Has data sleaze reached a turning point?

March 20, 2018

(This article was originally published at Big Data, Plainly Spoken (aka Numbers Rule Your World), and syndicated at StatsBlogs.)

Matthew-henry-toronto-87142-small-squareHas the data sleaze industry reached a turning point?

At the end of last week, Facebook scrambled to get in front of some unsavory press coverage, by “proactively” suspending Cambridge Analytica – the data analytics outfit credited with the unlikely successes of the Brexit campaign in the U.K. and the Trump campaign in the U.S. – from its social media platform. It knew that The Guardian, and The New York Times were poised to publish critical articles about how Cambridge Analytica exploited the Facebook platform in building its invasive database on 50 million Americans, data that form the foundation for psychological scoring algorithms used to target and sway voters during the 2016 Presidential election.

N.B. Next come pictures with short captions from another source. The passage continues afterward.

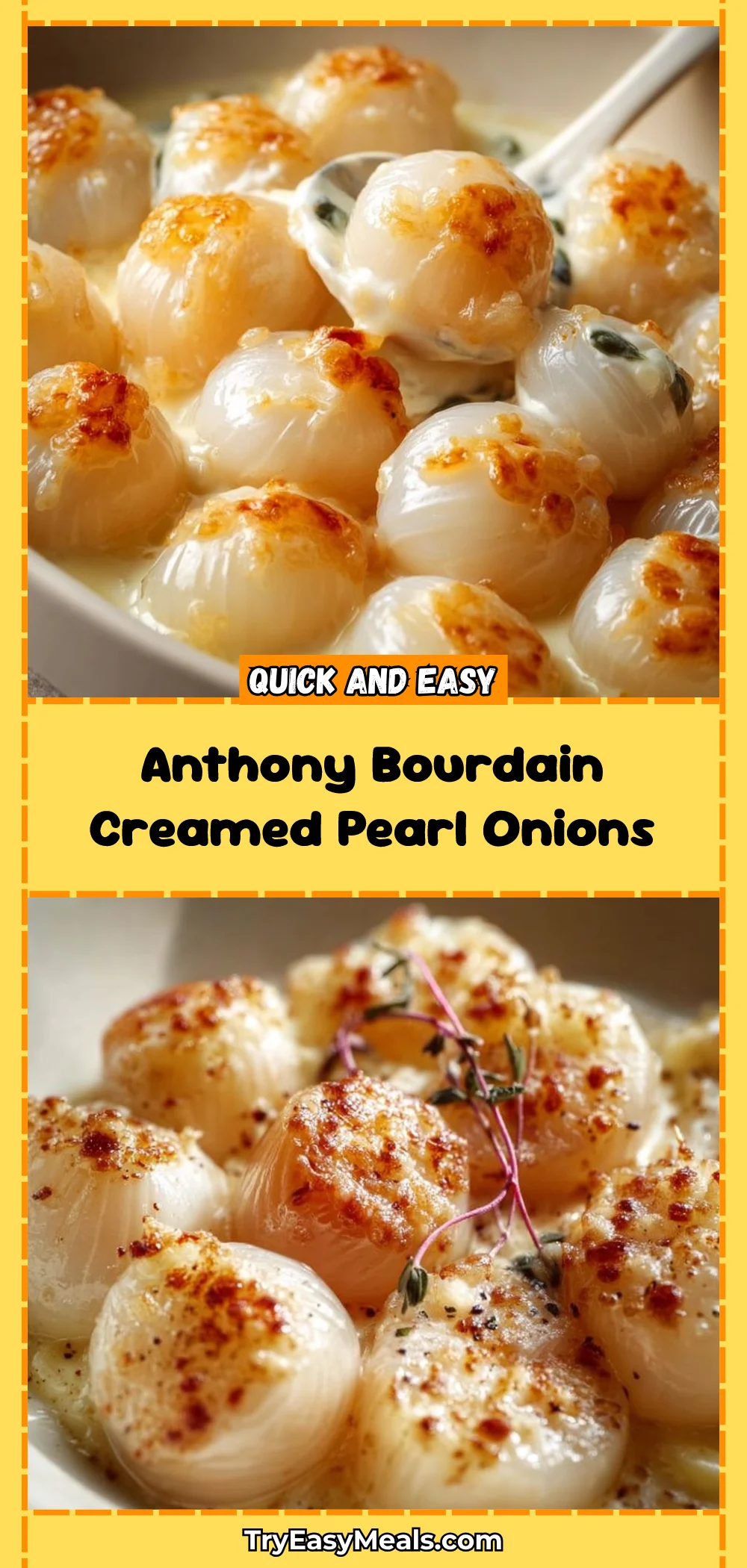 Anthony Bourdain Creamed Pearl Onions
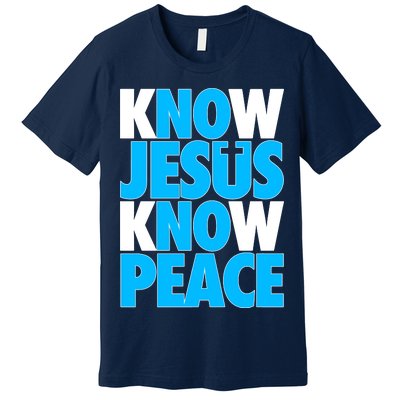 Inspirational Know Jesus Know Peace Premium T-Shirt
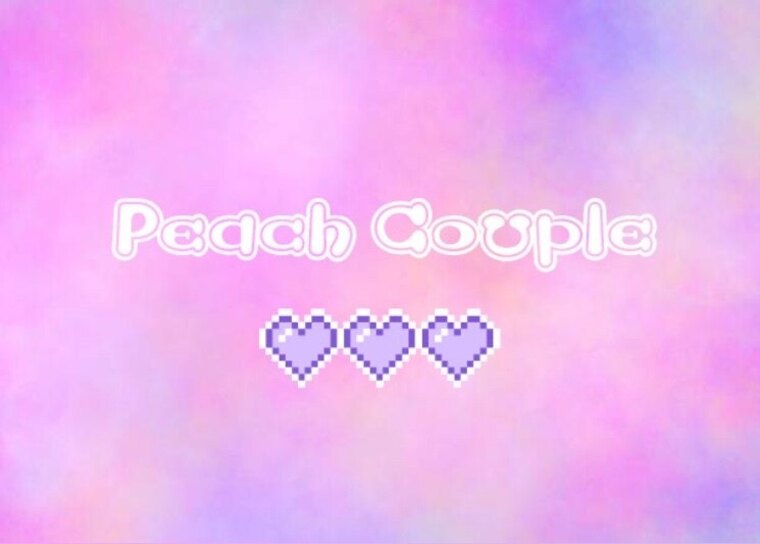 Peach Couple banner image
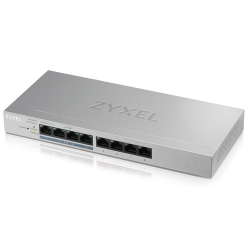 Smart L2 коммутатор PoE+ Zyxel GS1200-8HP v2, 8xGE (4xPoE+), настольный, бесшумный, с поддержкой VLAN, IGMP, QoS и Link Aggregation, бюджет PoE 60 Вт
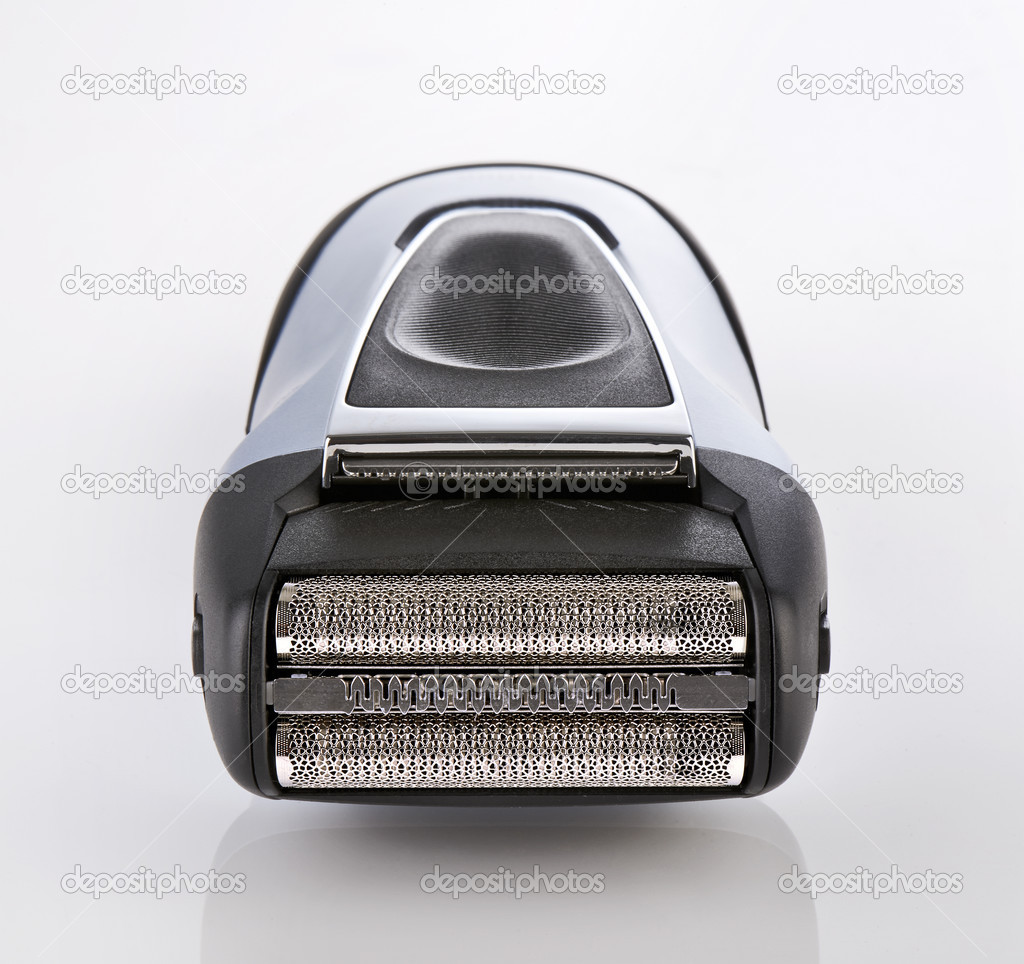 Close up on a electric head shaver 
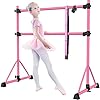 TOUSKII-Ballet-Barre-Portable-for-Home-Kids-Ballet-Bar-Adjustable-Double-Freestanding-Ballet-Exercise-Equipment-4FT-Dance-Bar-for-Women-with-Adjustable-Stretcher-for-Dancing-Stretch-250LB-Capacity TOUSKII Ballet Barre Portable for Home, Kids Ballet Bar Adjustable Double Freestanding Ballet Exercise Equipment, 4FT Dance Bar for Women with Adjustable Stretcher for Dancing Stretch, 250LB Capacity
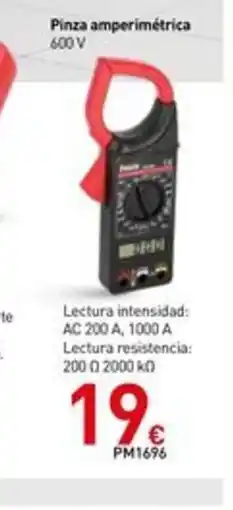 Mi Bricolaje Pinza amperimétrica 600 V oferta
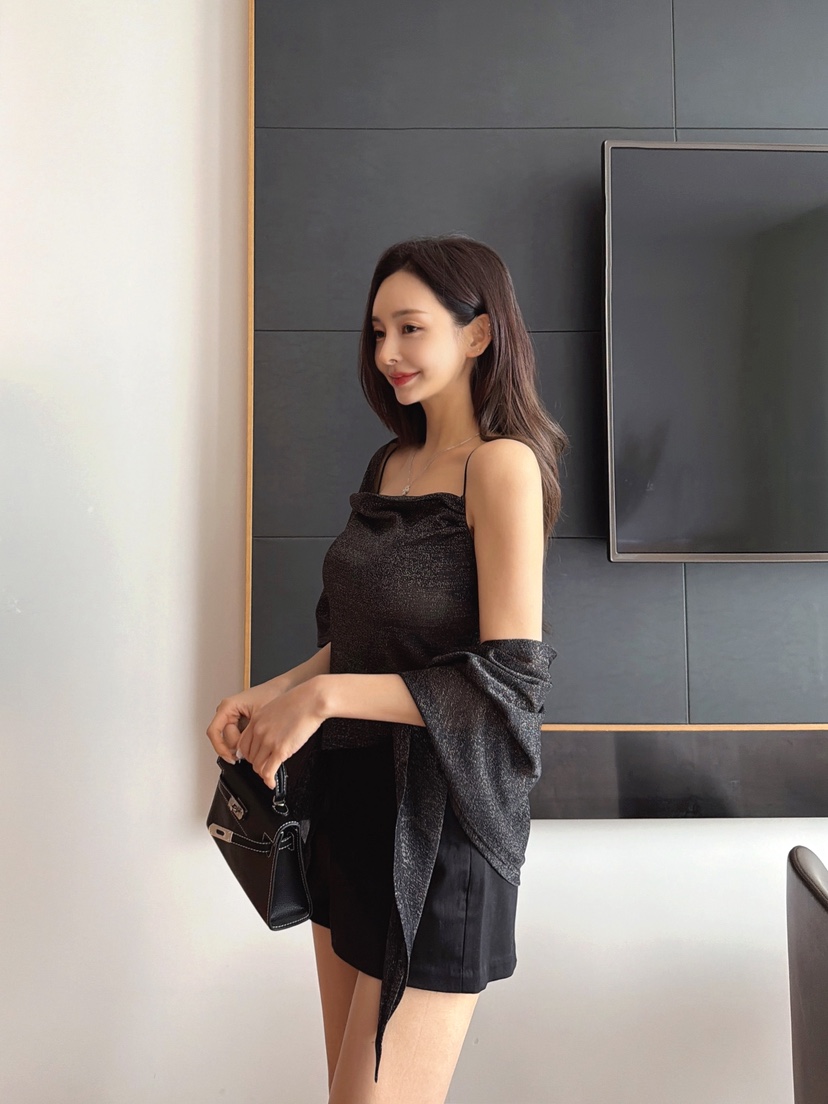 CLOTH韓國東大門直郵女士新品熱賣休閑職業26夏季套裝披肩無袖CLOTH套裝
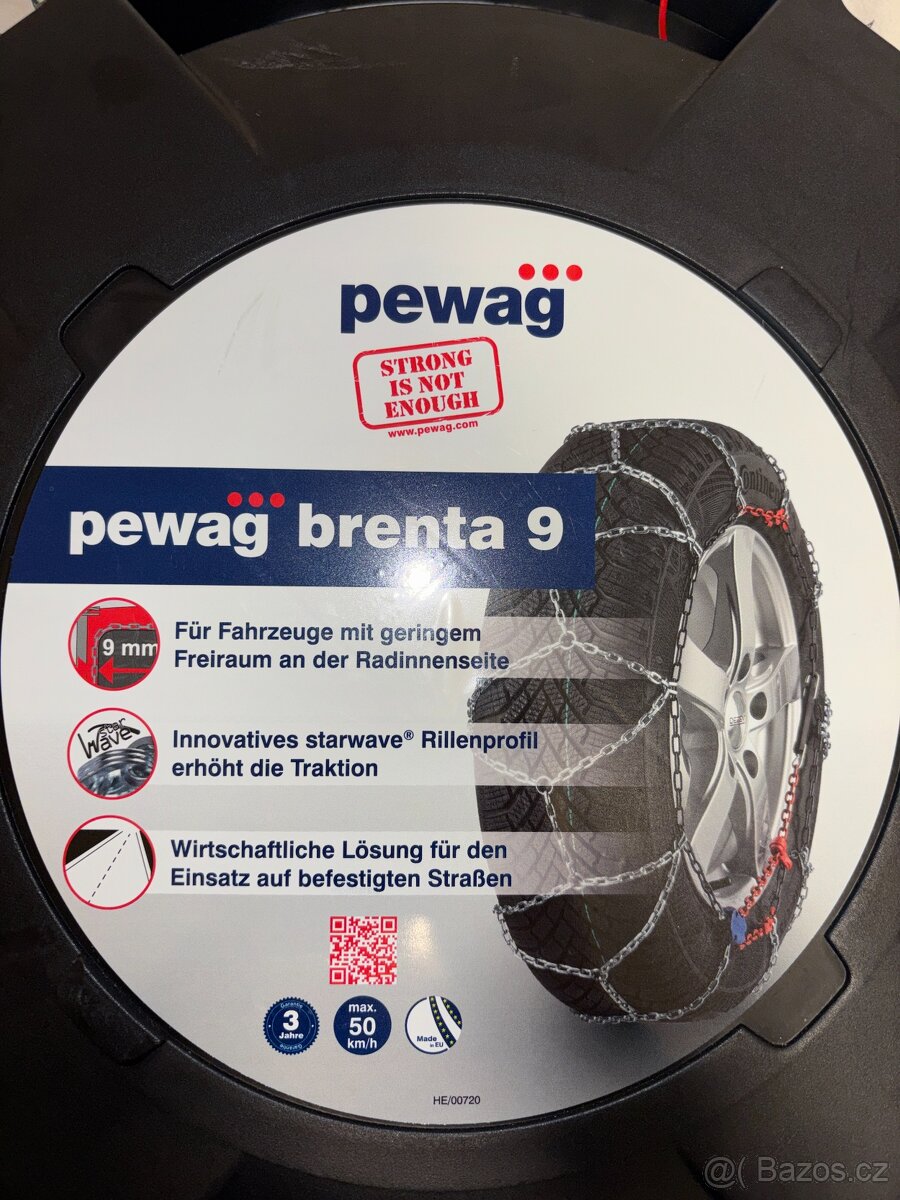 Sněhové řetězy Pewag Brenta 9 - NEPOUŽITÉ - 3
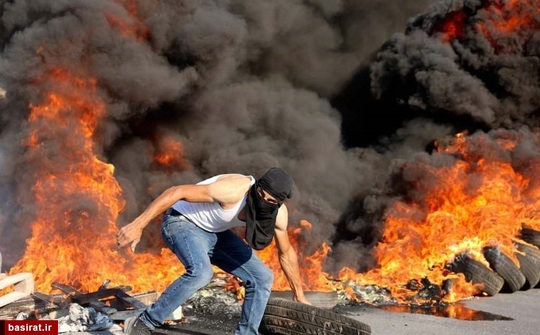 اعتراضات فلسطینیان بعد از شهادت یک جوان فلسطینی درپی درگیری با نظامیان رژیم اشغالگر در کرانه باختری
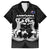 New Zealand Silver Fern Rugby Family Matching Off Shoulder Short Dress and Hawaiian Shirt Haka Dance With Aotearoa Maori Pattern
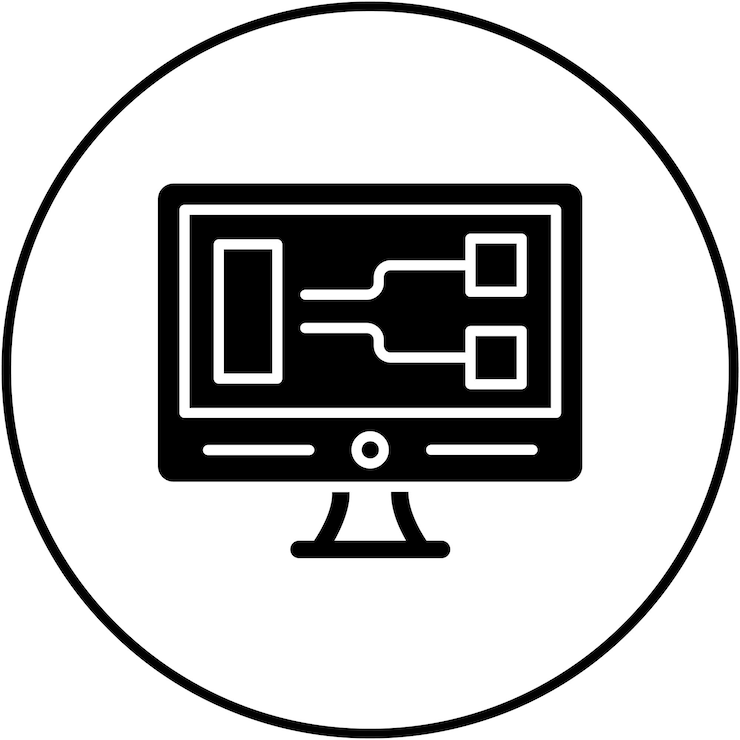 Visual Programming icon vector image Can be used for No Code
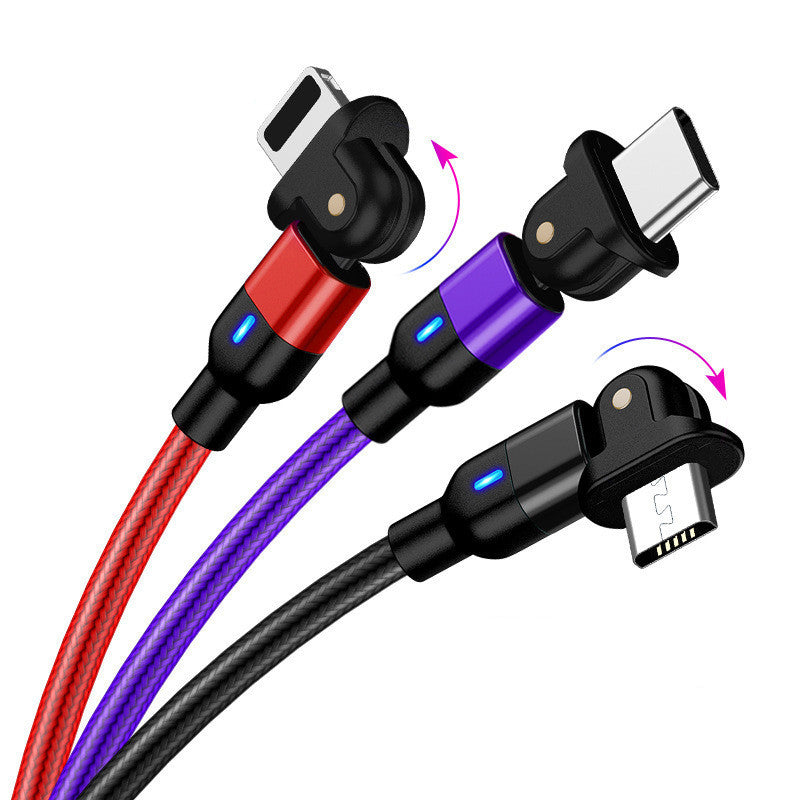 180 degree data cable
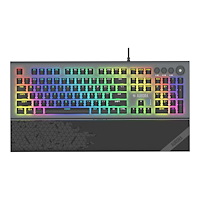 IBOX iBOX Aurora K-5 - tangentbord - QWERTY - svart, silver Inmatningsenhet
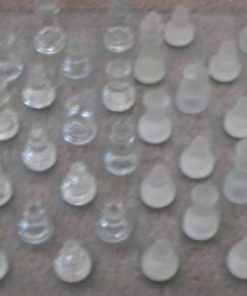 Elegant Glass Chess and Checkers Game Set for Timeless Fun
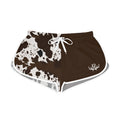 Women's Cowhide Lounge Shorts - Brown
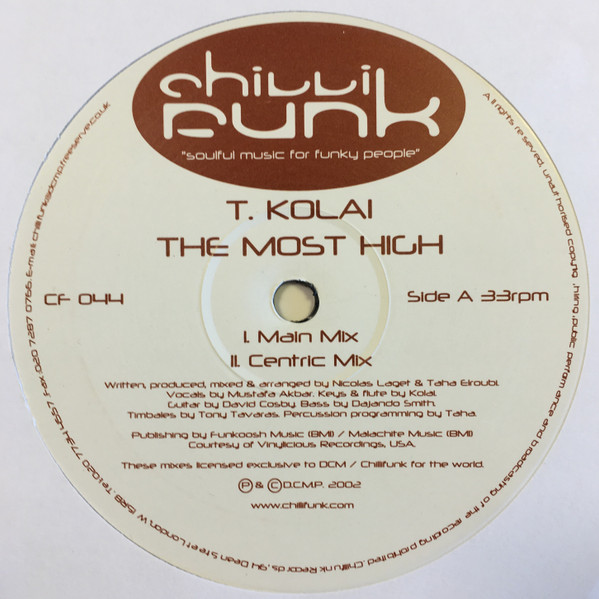T.Kolai - The Most High | Chillifunk Records (CF 044)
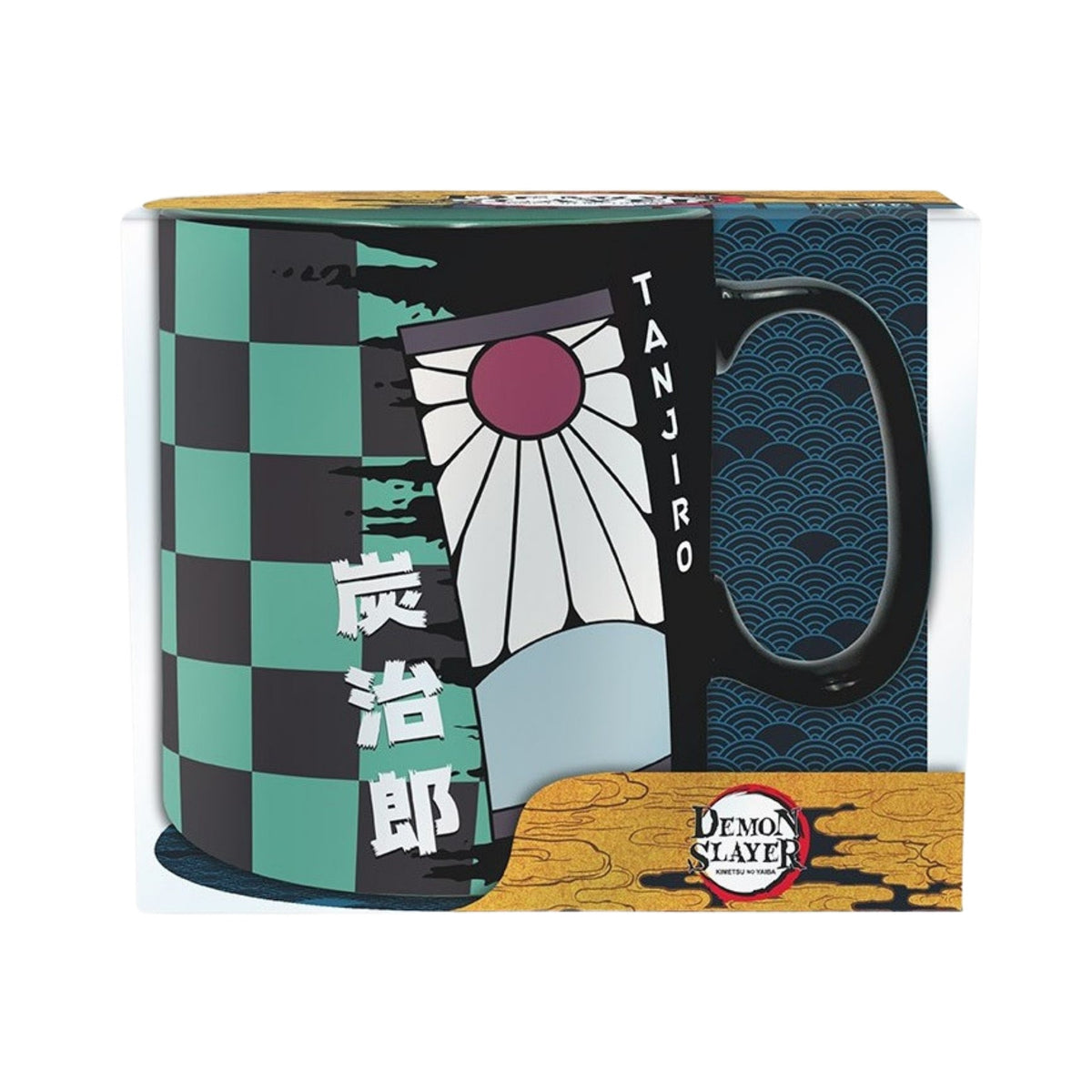 Taza Hanafuda Y Mascara Tanjiro Abysse 460 ML (16 Oz) - Demon Slayer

As explained in my previous posts (here and here), data sleaze is the practice of taking and trading consumer data serendipitously. The third parties frequently utilize such data in ways that usurp the consumer’s self-interest.

Facebook’s response has led to an avalanche of negative publicity, and there is perhaps some hope that it, as well as other tech firms including Google, Twitter, etc., may finally take action to stop the data sleaze.

I’ve decided to split this post into two parts. Part 1 is about the inner working of the data-sleaze operation. Part 2, to be published later this week, is a call for industry leaders to take proactive action to curb the excesses of data sleaze. Part 1 explains the underlying technologies because one can never fully trust information coming mostly from conflicted actors.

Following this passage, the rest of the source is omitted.